**Task description**
The lines below, from the one containing "5th image of 305 S Grant St" through the one containing "Fotografie: 2017 Volvo S90", should be set down exactly, with no pictures and nothing else.

**Given data**

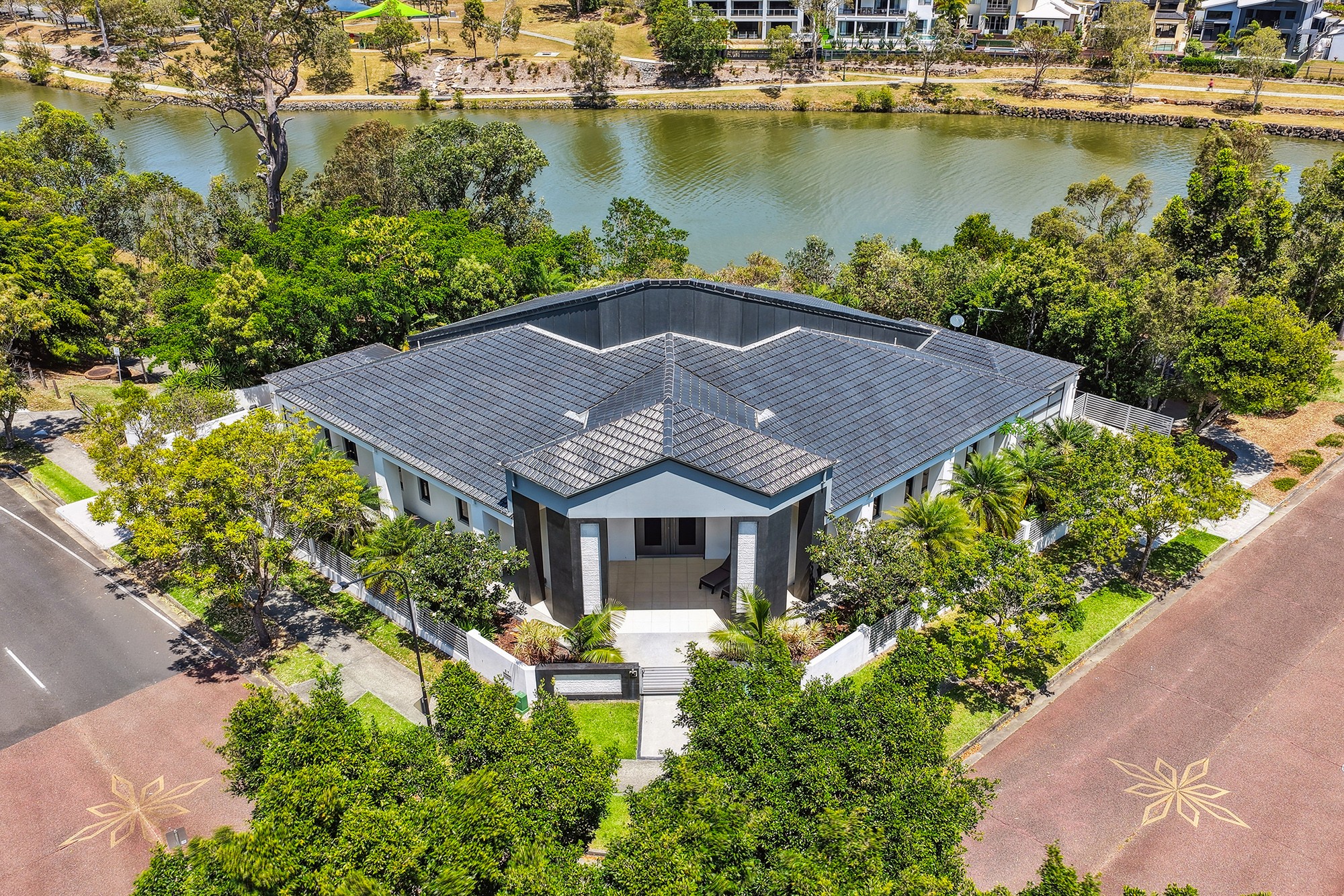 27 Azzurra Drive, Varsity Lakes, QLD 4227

...

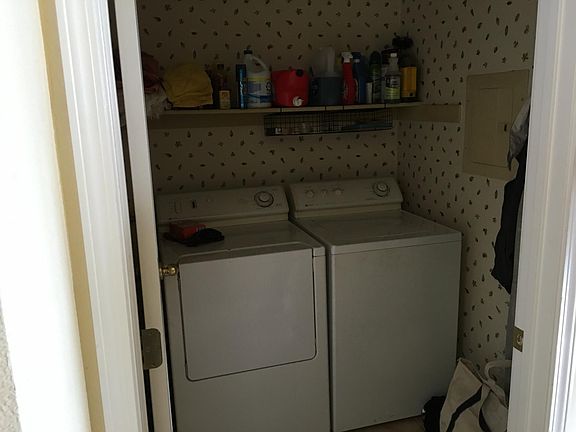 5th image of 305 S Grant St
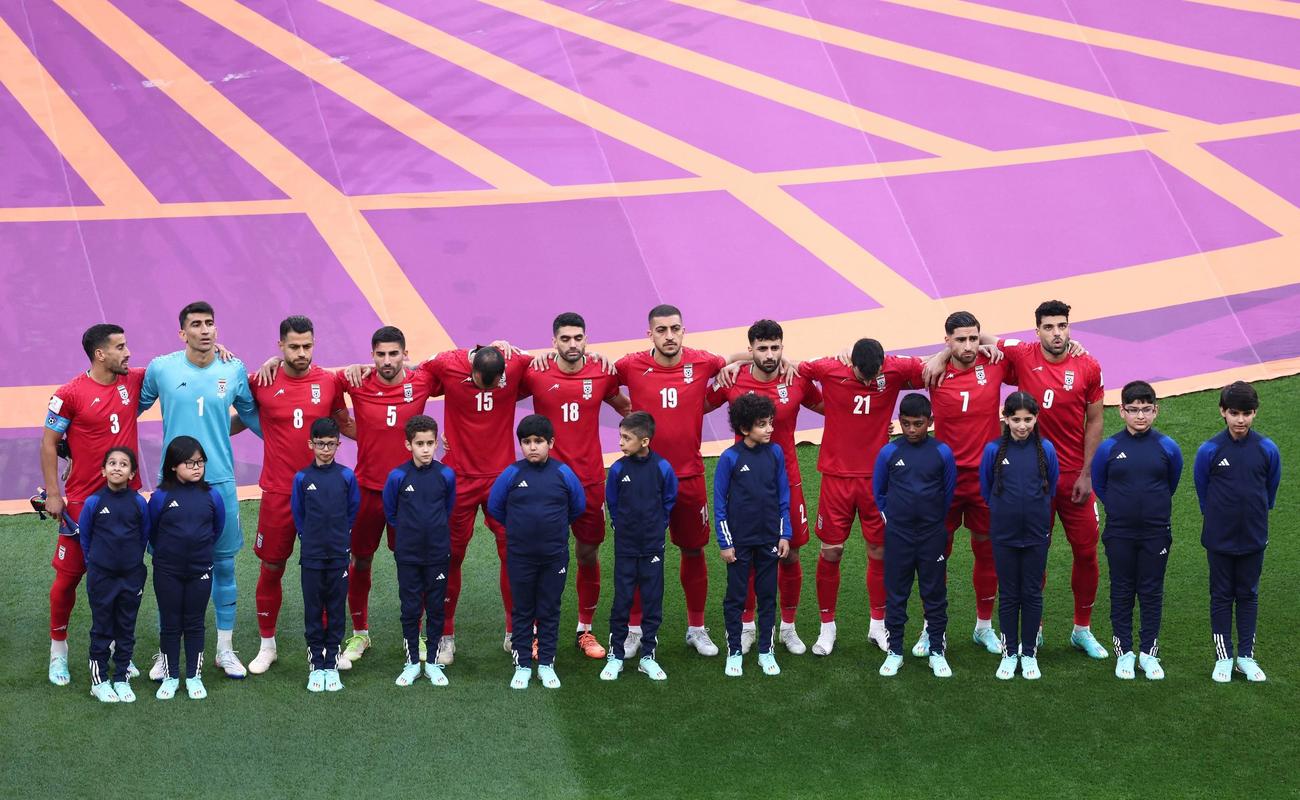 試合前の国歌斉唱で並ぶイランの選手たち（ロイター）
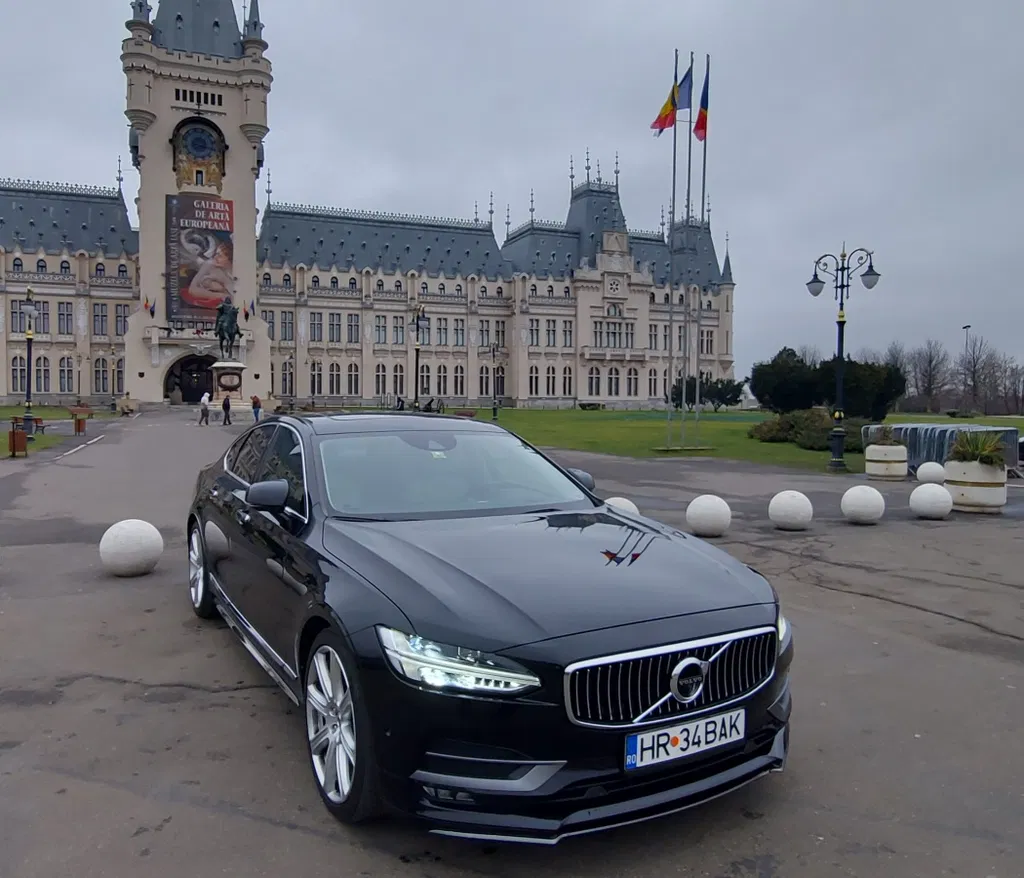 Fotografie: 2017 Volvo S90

**Result of this task**
 5th image of 305 S Grant St
 試合前の国歌斉唱で並ぶイランの選手たち（ロイター）
 Fotografie: 2017 Volvo S90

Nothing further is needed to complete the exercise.